福岡だと中々そこまで満員の電車に乗る機会がないのだけど、というか私は生粋の西鉄バスヘビーユーザーなのでそもそも電車にほとんど乗らないのだけど、この前東京、大阪辺りに行ってきてその満員電車に乗る機会が多くあったわけです。


まぁ疲れていたら普通に座りたいじゃないですか。だから席が空いていたら自然とまぁそちらに足を運びますよね。フゥ〜〜ラッキーだ、満員電車なのに運良くオアシスを見つけちまったな〜〜なんて思いながら、でも真顔で、空席までの最短ルートで進むわけですよ。

 

そりゃあ空席が一つとか二つとか、数少ないとそこに向かうまでに誰かが座るかもしれないし、足腰の強さをとったら何が残るかといえばそれなりの愛嬌しか残らない私よりも小さい子とか足腰が弱めな方が乗った方が空席的にもいいかなとか思って遠慮しますけどね。

でも、たまに運良く席が一列くらい空くとき、あのときはオッシャ〜と思いながら早足で、なんならスキップくらいの気持ちで空席に向かうわけです。

 

だけど結構人って同じこと考えるんですよね、わたし以外の人もスキップしてるんですよ。わたしにはわかるんですよね、もう足取りが軽いんですよね。

さっきまで死んだ目でスマホいじってたおじさんがチラッと空席を見て小躍りしてるのがわかるんですよね。

余裕のある暮らし、してますけど?シンプルイズ、ベストですけど?みたいな顔した綺麗なお姉さんの余裕のなさが漏れ出てるんですよね。

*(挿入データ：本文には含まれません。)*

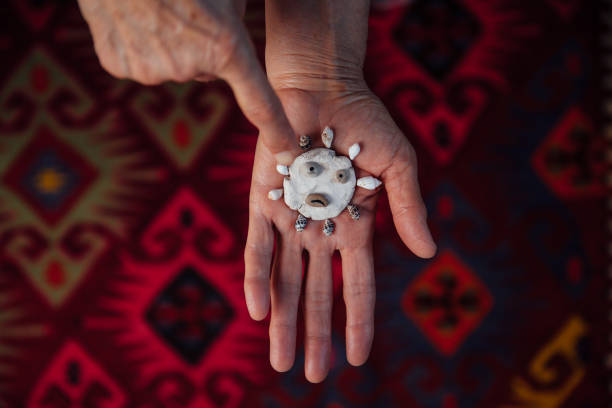 femme aîné pointant la roche de céramique de coronavirus avec le pétoncle - sensory perception shell using senses women photos et images de collection
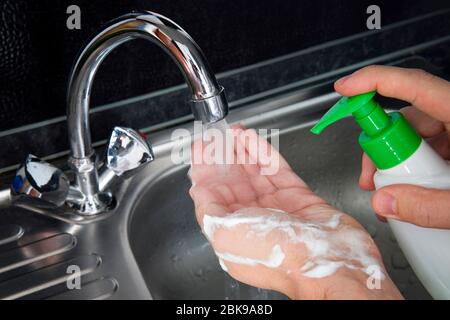 Wash your hands. a young guy washes his hands with soap under the faucet over a metal sink on a black dark background. Virus prevention. Hygienic proc Stock Photo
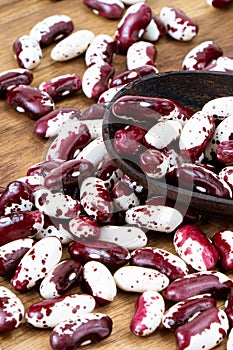 Red Anasazi Beans and wooden scoop. Spotted beans.Kidney beans.Haricot beans. Vegetarian food. Healthy protein food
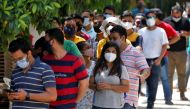 FILE PHOTO: People wearing protective face masks wait to receive a dose of COVISHIELD, a coronavirus disease (COVID-19) vaccine manufactured by Serum Institute of India, outside a vaccination centre in Ahmedabad, India, May 1, 2021. REUTERS/Amit Dave/File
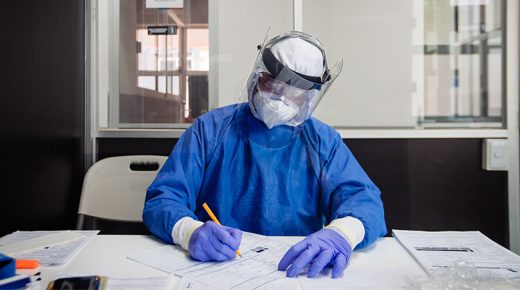 A Mexican chemistry doctor filling out paper work before an antibody Coronavirus Covid19 mouth and nose exam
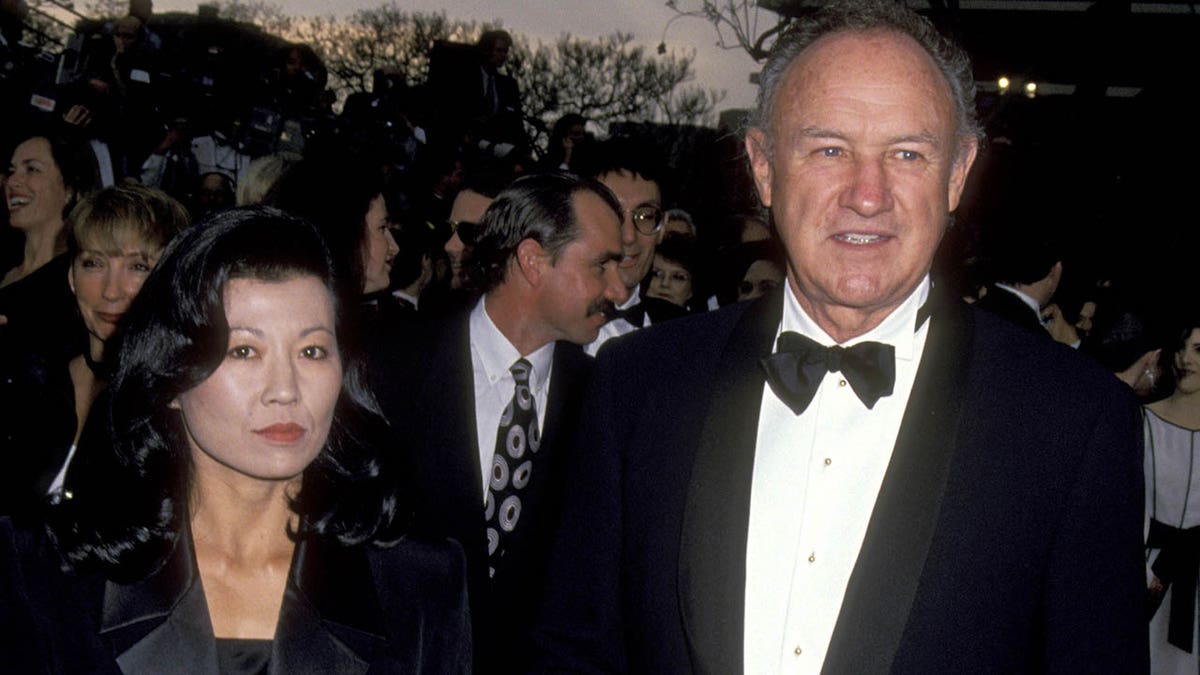 Betsy Nakawa Hackman and Gene Hackman in the Award Acharge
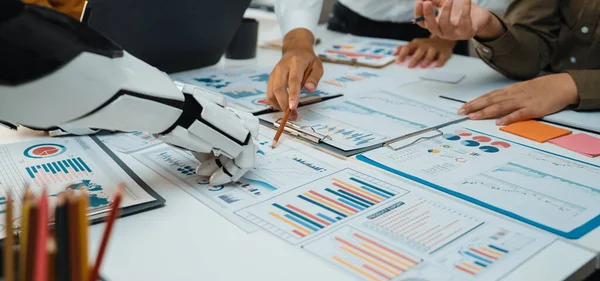 Bir insan ve robot arasındaki işbirliğini gösteren modern bir ofis sahnesi ayrıntılı rapor ve çizelgeleri analiz ederken, veri odaklı karar alma konusundaki yenilik ve takım çalışmasını vurguluyor. Noogenesis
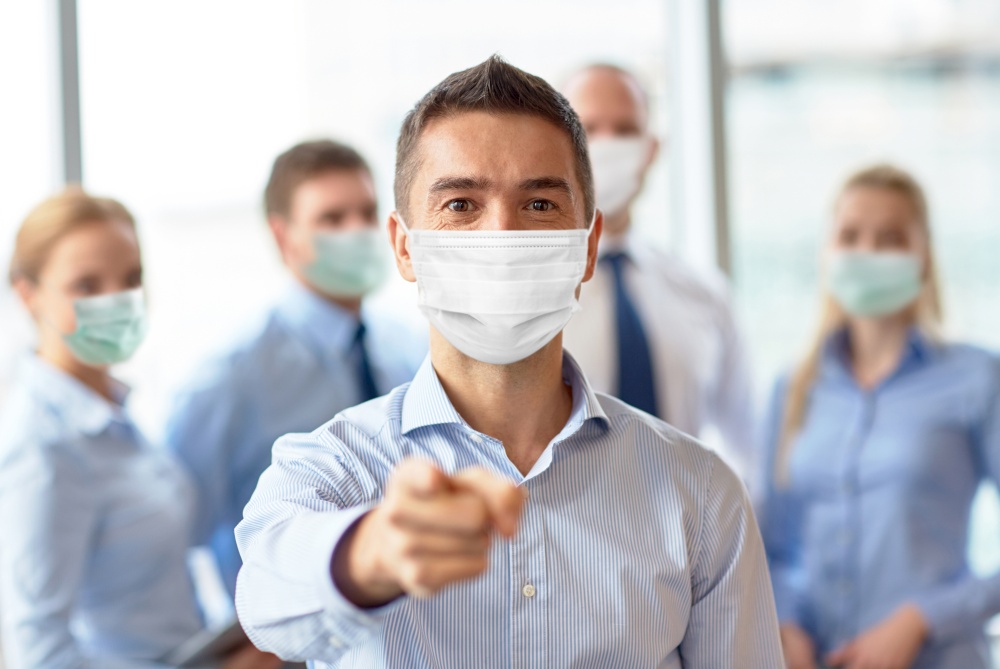 business, people and pandemic concept - businessman wearing face protective medical mask for protection from virus disease pointing finger to camera at office. businessman in mask pointing finger at office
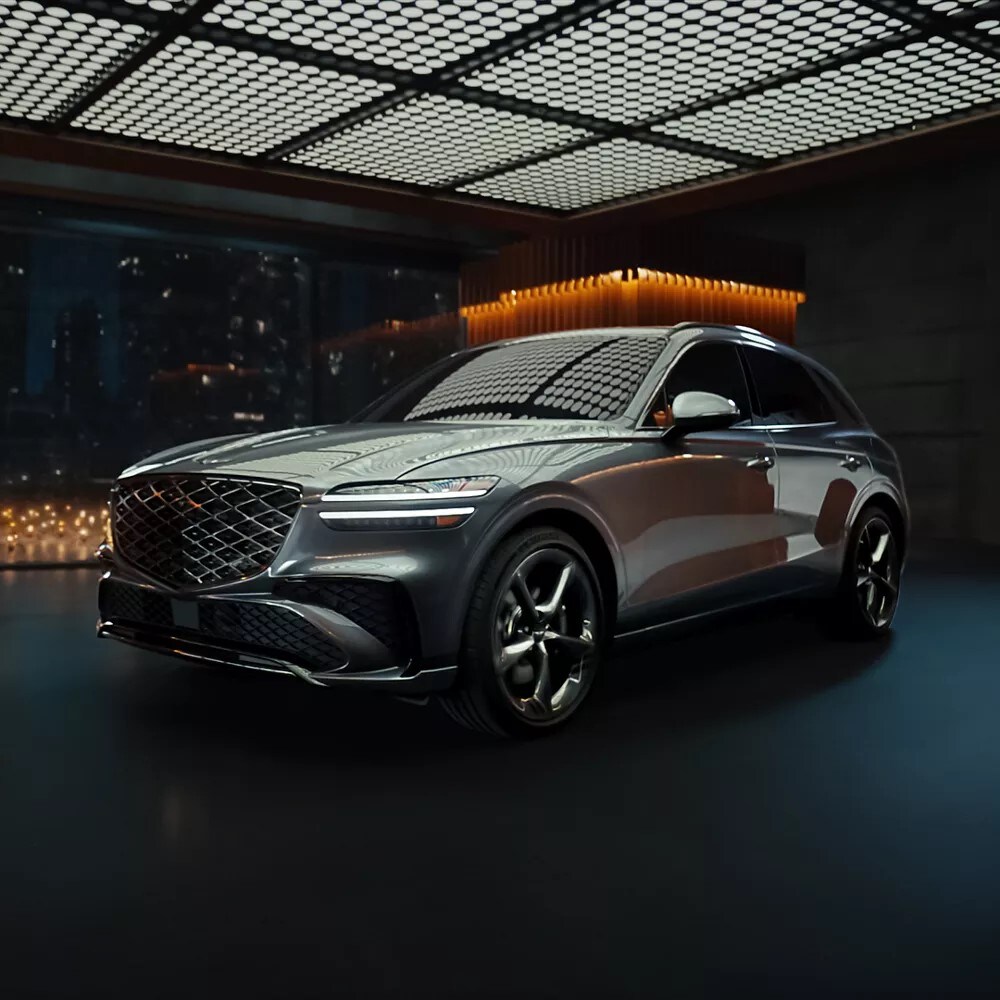 New Genesis GV70 parked in a luxurious studio at night New Genesis GV70 parked in a luxurious studio at night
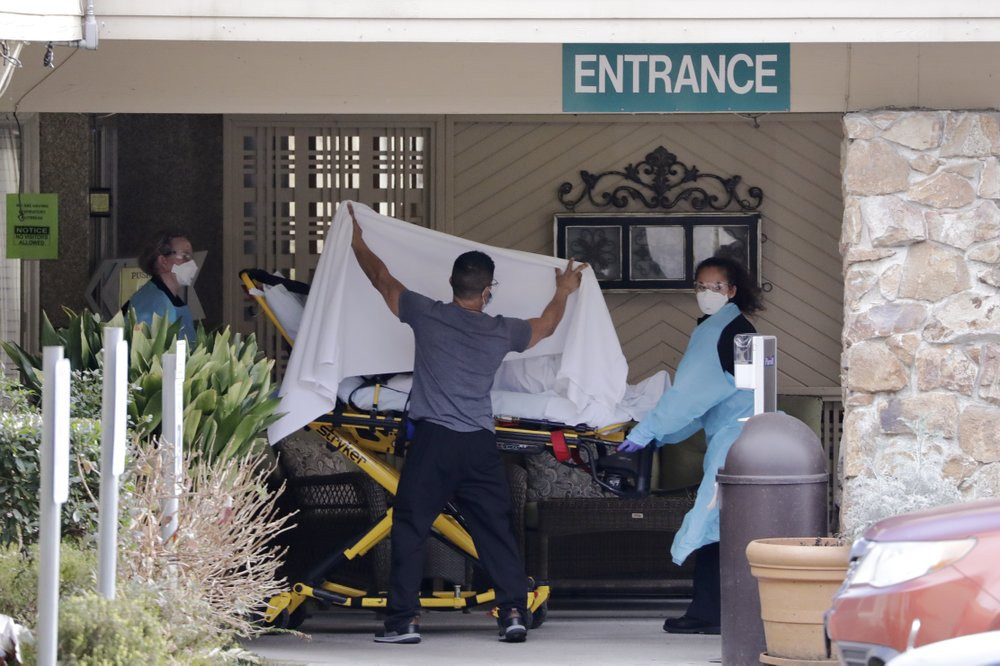 A person is taken by stretcher to a waiting ambulance from a nursing facility where more than 50 people are sick and being tested for the COVID-19 virus, Saturday, Feb. 29, 2020, in Kirkland,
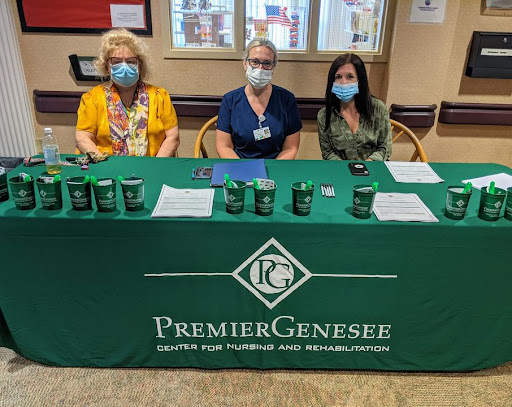 Healthcare professionals representing Premier Genesee at an event.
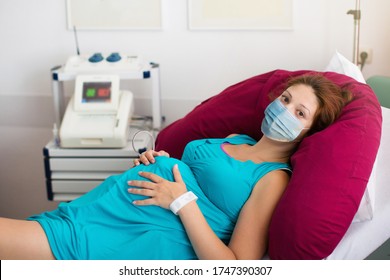 Pregnant Patient In Face Mask In A Hospital At Doctor Visit During Coronavirus Outbreak. Mother Giving Birth To Baby In Covid-19 Lockdown. Pregnancy Examination. Expecting Woman In Labor And Delivery.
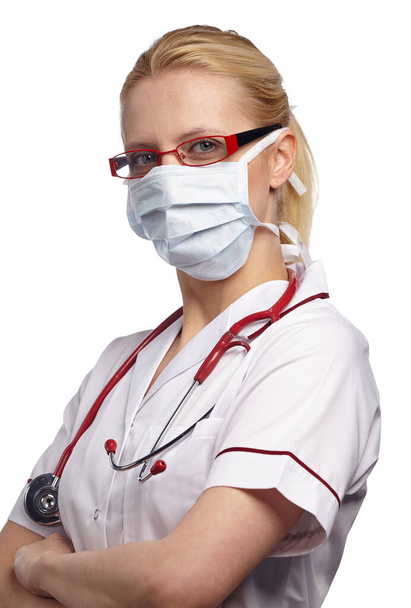 Woman doctor wearing medical anti virus mask. isolated studio portrait. - Φωτογραφία, εικόνα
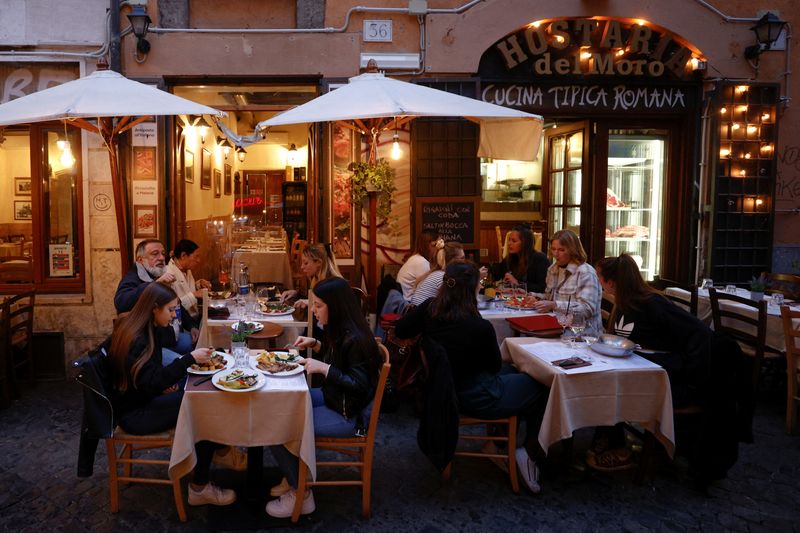 © Reuters. FILE PHOTO: People eat at a restaurant, as much of the country becomes a 'yellow zone', easing coronavirus disease (COVID-19) restrictions and allowing bars and restaurants to serve clients at outdoor tables, in Rome, Italy, April 26, 2021. REUTERS/Guglielmo Mangiapane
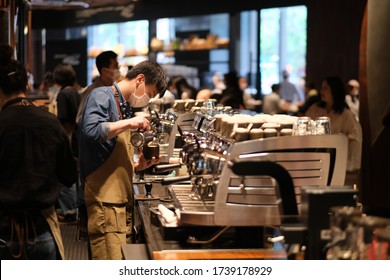 Shanghai/China-May 2020: Clerk Wearing Face Mask To Avoid Covid-19 Coronavirus, Working In Coffee Shop 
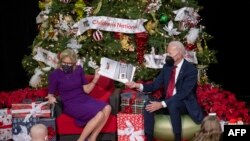 US President Joe Biden holds the book as US First Lady Jill Biden reads during a holiday visit with patients and families at Children's National Hospital in Washington, DC, on Dec. 23, 2022.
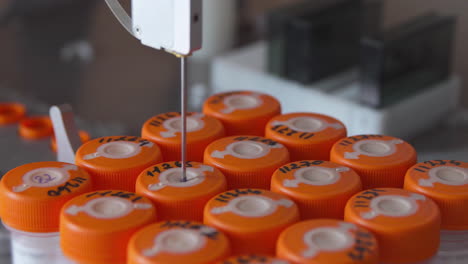 in the medical center, the machine analyzes the bio material for the presence of cancer cells in patients who underwent a puncture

もう空席の一列に送られる念がすごいのがムンムン伝わるし、もう空席側も準備万端だって目配せしてきてるのがわかる。隠しきれてない。


ドアが開く。

 

電車内の人が吐き出され、一列のオアシスが現るその瞬間に、同じ目的地に向けて確かに歩む仲間が、ライバルが、同胞が、微かに光る一筋の道を辿るー

 

 

「ちょっと!あそこ空いてんで!!!!早よ来いや!!!」

 

 

ーーーーーー確かに我々は光を追っていた。


僅かだけれども、確かにそこには存在していた。理不尽な社会の中懸命に生き、人波に揉まれながらも一歩一歩踏みしめてきた。
たった20分、短い時間だと君は笑うかもしれない。

だけど、僕らはそれで十分だったんだ。都会の焦燥の中にひっそりと存在する小さな安らぎを大切にしてきた。ただそれだけのことだった。それ以上のことは望まない。それだけでまた明日も頑張ろうと思える。明日も笑おうと思える。そのはずだった。

 

「ちょっと!あそこ空いてんで!!!!早よ来いや!!!」

 

オ、あの席座れるな〜♪なんて思ってたときにこれ後出しですよ。もう絶対座れない。
最短ルートを早足で進んでいたのに急ブレーキ。疲れているときほど、期待が大きいほど、刺客からのダメージを受けてしまう。

けれどもそんな時も頑張れわたし頑張れ今日も。頑張れみんな頑張れ明日も。西野カナが励ましてくれる。そうだよねカロリー消費だよね、そうだよねわたしの取り柄は足腰の強さだよね。

ライバルよ、仲間よ、同胞よ、また会おう。